Spiritual unfoldment is not a process of awakening the higher chakras, but of closing the chakras below the mūlādhāra. Once this happens, the aspirant’s consciousness slowly expands into the higher chakras, which are always there. The only thing that keeps the lower chakras closed is regular sādhana, japa, worship and working within oneself. This is demonstrated by the fact that even great yogīs and ṛishis who have awakened into the higher chakras continue to do more and more sādhana. They are constantly working to keep the forces flowing through the higher centers so that the lower ones do not claim their awareness.

Now, all of this perhaps seems very complex and esoteric. But these are aspects of our nature that we use every day. We use our arms and hands every day without thinking. If we study the physiology of the hands, we encounter layer after layer of intricate interrelationships of tissues, cells, plasma. We examine the engineering of the structural system of bones and joints, the energy transmission of the muscular system, the biochemistry of growth and healing, the biophysics of nerve action and reaction. Suddenly a simple and natural part of human life, the function of the hands, seems complex. Similarly, we use the various functions of consciousness, the chakras, every day without even thinking about them. But now we are studying them in their depths to gain a more mature understanding of their nature.

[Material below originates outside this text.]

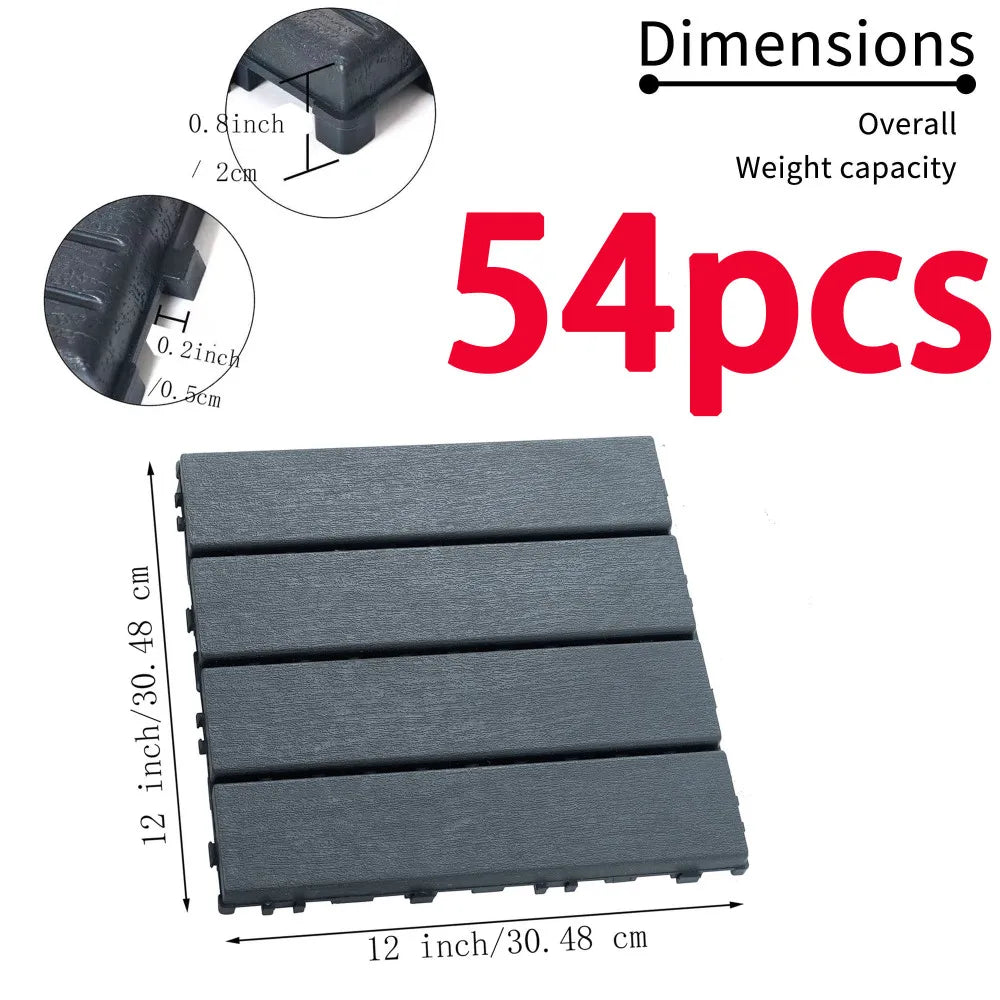 Heavy Duty Interlocking Plastic Deck Tiles For Outdoors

Actually, there are more chakras above and within the sahasrāra. Buddhist literature cites thirty-two chakras above. Āgamic Hindu tradition cites seven levels of the rarefied dimensions of Paranāda, the first tattva, as chanted daily by hundreds of thousands of priests during pūjā in temples all over the world. Their names are: vyāpinī, vyomāṅga, anantā, anāthā, anāśṛitā, samanā and unmanā. I have experienced these higher chakras or nāḍīs, as they are in this subtle region, as conglomerates of nāḍīs. These force centers are not exactly chakras, as they are not connected to any organ or part of the physical body. They are chakras or nāḍīs of the body of the soul, which when developed as a result of many, many, many Paraśiva experiences, slowly descend into the mental and astral bodies. The mental body becomes permanently different in its philosophical outlook, and the astral body begins to absorb and be transformed by the golden body, or svarṇaśarīra.

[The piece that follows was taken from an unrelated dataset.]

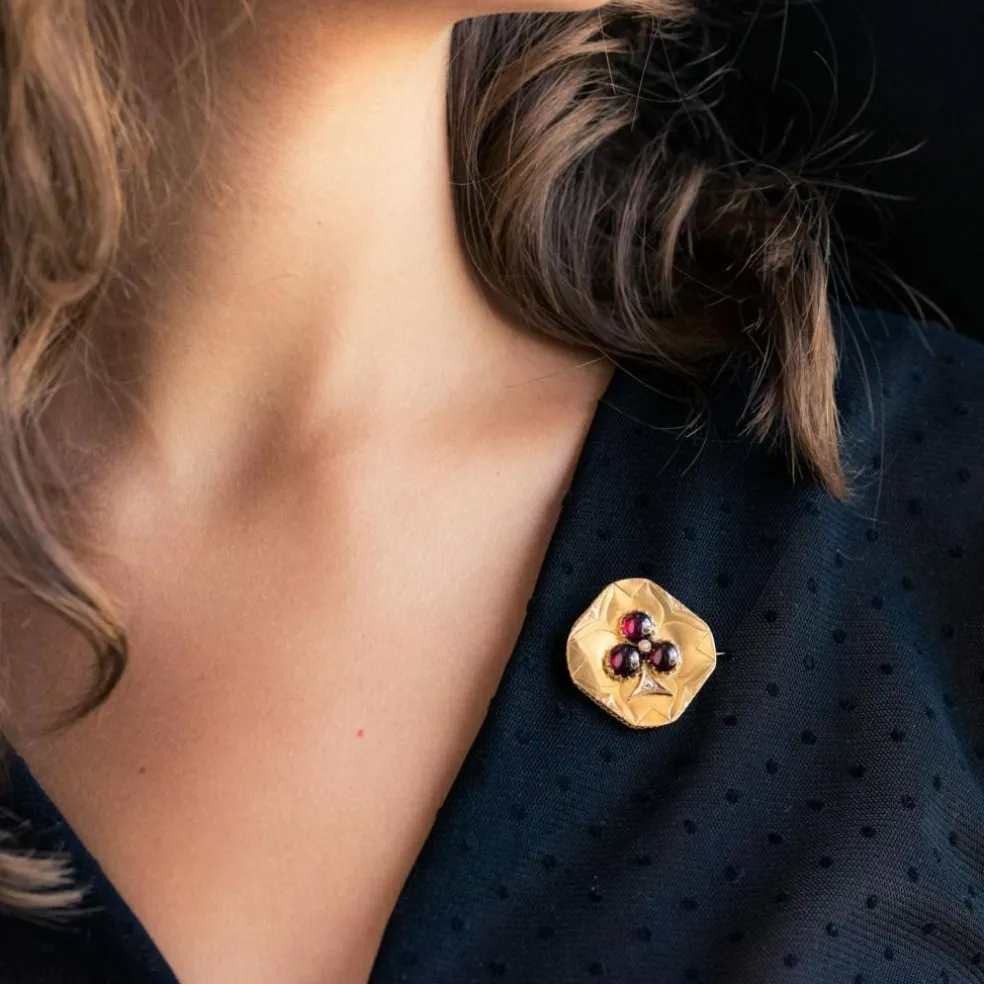 Broche ancienne grenats cabochons et diamants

Lesson 293 – Dancing with Śiva

Recording: Gurudeva’s cloned voice

Is Initiation Necessary to Perform Japa?

ŚLOKA 138
The most precious of all Śaivite mantras, Namaḥ Śivāya is freely sung and chanted by one and all. Mantra dīkshā bestows the permission and power for japa yoga. Without this initiation, its repetition bears lesser fruit. Aum.

BHĀSHYA
The Pañchākshara Mantra is the word of God, the name and total essence of Śiva. But to chant Namaḥ Śivāya and to be empowered to chant Namaḥ Śivāya is likened to the difference between writing a check without money in the bank and writing a check with money in the bank. Namaḥ Śivāya is the gateway to yoga. Initiation from an orthodox guru is given after preparation, training and attaining a certain level of purity and dedication. The guru bestows the authority to chant Namaḥ Śivāya. After initiation, the devotee is obligated to intone it regularly as instructed. This forges the śishya’s permanent bond with the guru and his spiritual lineage, sampradāya, and fires the process of inner unfoldment. From the lips of my Satgurunātha I learned Namaḥ Śivāya, and it has been the central core of my life, strength and fulfillment of destiny. The secret of Namaḥ Śivāya is to hear it from the right lips at the right time. Then, and only then, is it the most powerful mantra for you. The Śiva Saṁhitā affirms, “Only the knowledge imparted by a guru, through his lips, is powerful and useful; otherwise it becomes fruitless, weak and very painful.” Aum Namaḥ Śivāya.